The Rights and Resources Initiative (RRI) is tracking tenure to monitor legal recognition of Indigenous Peoples’ and local communities. In total, they offer five databases, which embrace both quantitative and qualitative data. Besides tracking Land Tenure, Bundle of Rights and Women’s Rights to Community Forests, they provide the Forest Tenure Database covering more than 90% of the global forest area.
“Who owns the world’s lands and forests, and how has the recognition of communities’ statutory tenure rights shifted over time? Drawing on over 15 years of data, RRI’s quantitative Forest and Land Tenure Databases provide global evidence responding to these critical questions.”

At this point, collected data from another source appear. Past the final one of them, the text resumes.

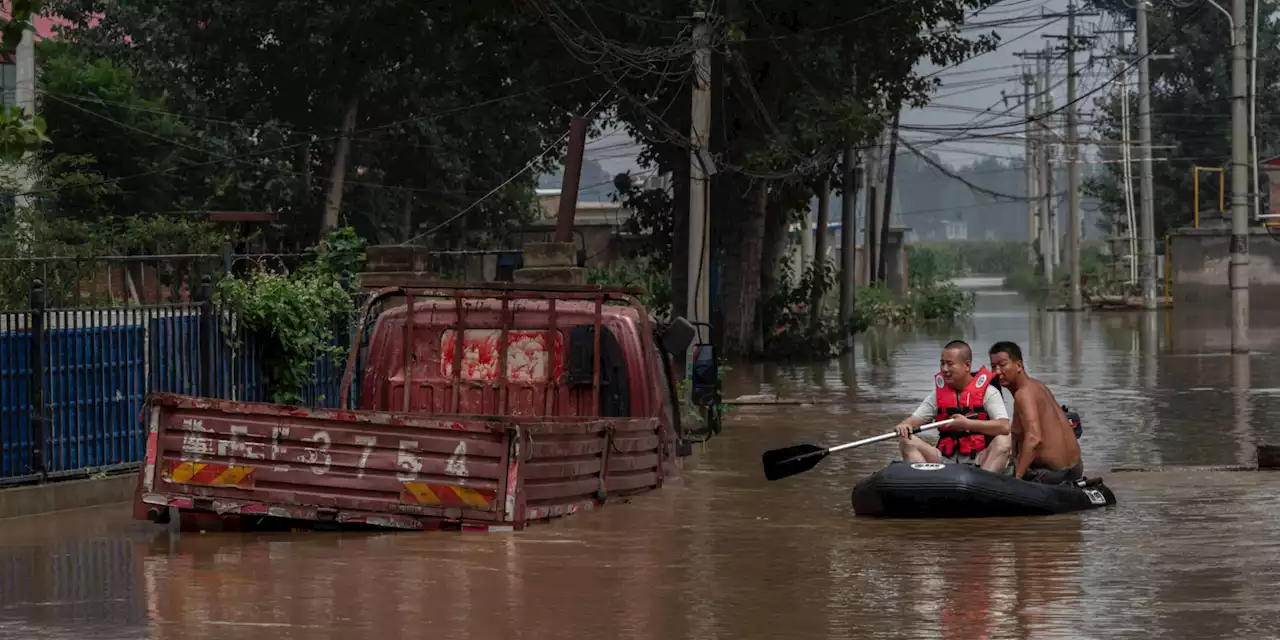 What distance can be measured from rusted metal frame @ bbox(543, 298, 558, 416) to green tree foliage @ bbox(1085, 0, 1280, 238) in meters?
66.9

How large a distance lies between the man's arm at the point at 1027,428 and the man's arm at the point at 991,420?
0.15 metres

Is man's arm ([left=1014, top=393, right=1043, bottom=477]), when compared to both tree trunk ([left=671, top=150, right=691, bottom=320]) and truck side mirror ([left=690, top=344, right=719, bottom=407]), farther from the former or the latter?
tree trunk ([left=671, top=150, right=691, bottom=320])

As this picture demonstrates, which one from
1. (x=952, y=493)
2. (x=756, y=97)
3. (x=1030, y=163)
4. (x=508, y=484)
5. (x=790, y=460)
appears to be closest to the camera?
(x=508, y=484)

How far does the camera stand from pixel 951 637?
9961 mm

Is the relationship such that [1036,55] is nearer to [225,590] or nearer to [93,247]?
[93,247]

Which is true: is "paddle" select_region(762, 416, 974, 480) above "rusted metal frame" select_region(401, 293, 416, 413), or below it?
below

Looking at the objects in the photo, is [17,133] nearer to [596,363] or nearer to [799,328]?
[596,363]

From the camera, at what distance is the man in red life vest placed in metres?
15.3

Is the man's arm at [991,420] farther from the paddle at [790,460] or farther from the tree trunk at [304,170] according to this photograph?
the tree trunk at [304,170]

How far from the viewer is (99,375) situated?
16562 mm

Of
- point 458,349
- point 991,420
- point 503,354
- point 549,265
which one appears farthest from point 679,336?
point 549,265

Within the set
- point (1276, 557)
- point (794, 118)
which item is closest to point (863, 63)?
point (794, 118)

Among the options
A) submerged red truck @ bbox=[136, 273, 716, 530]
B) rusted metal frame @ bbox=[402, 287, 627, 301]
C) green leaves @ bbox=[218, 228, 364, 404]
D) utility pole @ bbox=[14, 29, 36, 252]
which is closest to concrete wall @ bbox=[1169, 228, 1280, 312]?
utility pole @ bbox=[14, 29, 36, 252]

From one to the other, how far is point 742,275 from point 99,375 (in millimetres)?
25852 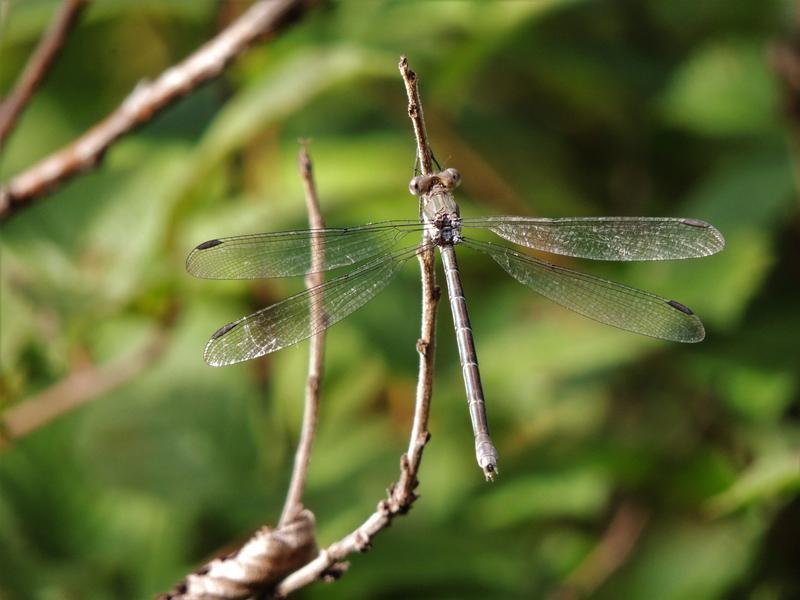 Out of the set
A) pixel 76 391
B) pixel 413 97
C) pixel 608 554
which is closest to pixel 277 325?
pixel 413 97

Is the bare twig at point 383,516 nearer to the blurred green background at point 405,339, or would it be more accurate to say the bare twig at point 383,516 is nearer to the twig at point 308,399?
the twig at point 308,399

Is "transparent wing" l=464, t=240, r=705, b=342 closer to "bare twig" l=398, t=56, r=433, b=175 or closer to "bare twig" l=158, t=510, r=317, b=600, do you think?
"bare twig" l=398, t=56, r=433, b=175

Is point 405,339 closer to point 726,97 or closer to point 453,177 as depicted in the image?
point 453,177

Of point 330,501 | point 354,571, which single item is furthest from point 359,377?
point 354,571

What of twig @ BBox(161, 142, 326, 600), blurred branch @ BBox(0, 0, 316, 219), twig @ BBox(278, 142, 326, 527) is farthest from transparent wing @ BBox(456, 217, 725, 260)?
twig @ BBox(161, 142, 326, 600)

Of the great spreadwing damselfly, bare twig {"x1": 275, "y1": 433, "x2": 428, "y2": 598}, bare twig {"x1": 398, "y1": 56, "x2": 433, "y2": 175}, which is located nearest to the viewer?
bare twig {"x1": 275, "y1": 433, "x2": 428, "y2": 598}
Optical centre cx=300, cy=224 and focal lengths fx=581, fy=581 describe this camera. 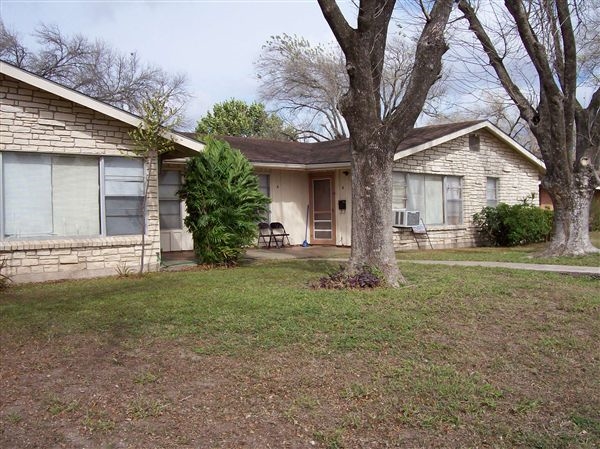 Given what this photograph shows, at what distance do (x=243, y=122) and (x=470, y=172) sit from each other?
83.4ft

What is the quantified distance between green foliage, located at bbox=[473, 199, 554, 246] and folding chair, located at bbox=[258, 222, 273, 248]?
6.76 m

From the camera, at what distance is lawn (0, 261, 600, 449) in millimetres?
3967

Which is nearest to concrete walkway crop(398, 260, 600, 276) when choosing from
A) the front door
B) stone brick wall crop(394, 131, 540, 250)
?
stone brick wall crop(394, 131, 540, 250)

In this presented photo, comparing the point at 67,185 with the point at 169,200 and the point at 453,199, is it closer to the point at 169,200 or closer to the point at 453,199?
the point at 169,200

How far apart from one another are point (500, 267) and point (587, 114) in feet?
15.0

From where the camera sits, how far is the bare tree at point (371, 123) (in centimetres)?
841

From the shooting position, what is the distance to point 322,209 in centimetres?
1733

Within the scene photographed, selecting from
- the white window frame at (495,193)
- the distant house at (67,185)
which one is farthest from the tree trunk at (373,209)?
the white window frame at (495,193)

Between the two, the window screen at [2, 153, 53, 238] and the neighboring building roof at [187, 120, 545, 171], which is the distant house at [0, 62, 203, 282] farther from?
the neighboring building roof at [187, 120, 545, 171]

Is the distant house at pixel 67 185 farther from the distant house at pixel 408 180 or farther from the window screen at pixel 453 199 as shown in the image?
the window screen at pixel 453 199

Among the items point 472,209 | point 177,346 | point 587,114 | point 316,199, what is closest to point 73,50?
point 316,199

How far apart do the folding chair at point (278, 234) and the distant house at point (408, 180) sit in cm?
33

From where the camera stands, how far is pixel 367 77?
8422mm

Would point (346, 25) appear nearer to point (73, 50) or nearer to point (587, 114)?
point (587, 114)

View and download RRI's data on the Land Portal
Why does the RRI - Forest Tenure Data matter for the land governance community?
Forest tenure determines how land and natural resources are accessed and used. Secure tenure rights enable the accessibility and maintenance of forest, e.g. for sound use by bordering communities. Indigenous people and communities also play an important role in the environmental conservation of these ecosystems and likewise often depend on the resource supply. The RRI monitors indigenous peoples’ rights to forests. The database covers 58 countries, 92 % of the world’s forests respectively. It differentiates between forests owned by Indigenous peoples and local communities, forest designated for Indigenous Peoples and local communities, government administered forest, and privately owned forest.
What is the methodology?
The fundament of the dataset is an analysis of the legal framework of those “community-based tenure regimes”. Four categories are defined and the regimes classified accordingly:
- Government administered (Defined as: “Lands or forests under this category are legally claimed as exclusively belonging to the state. Community-based rights to access and/or withdrawal of natural resources may be recognized. Concessions on state-owned lands are included here”)
- Designated for indigenous people and communities (Defined as: “National law recognizes Indigenous Peoples’ and local communities’ rights to access and withdrawal, as well as to participate in the management of lands/forests or to exclude outsiders. Other tenure rights may also be recognized, but the bundle of legally recognized rights held by communities does not amount to “ownership.”)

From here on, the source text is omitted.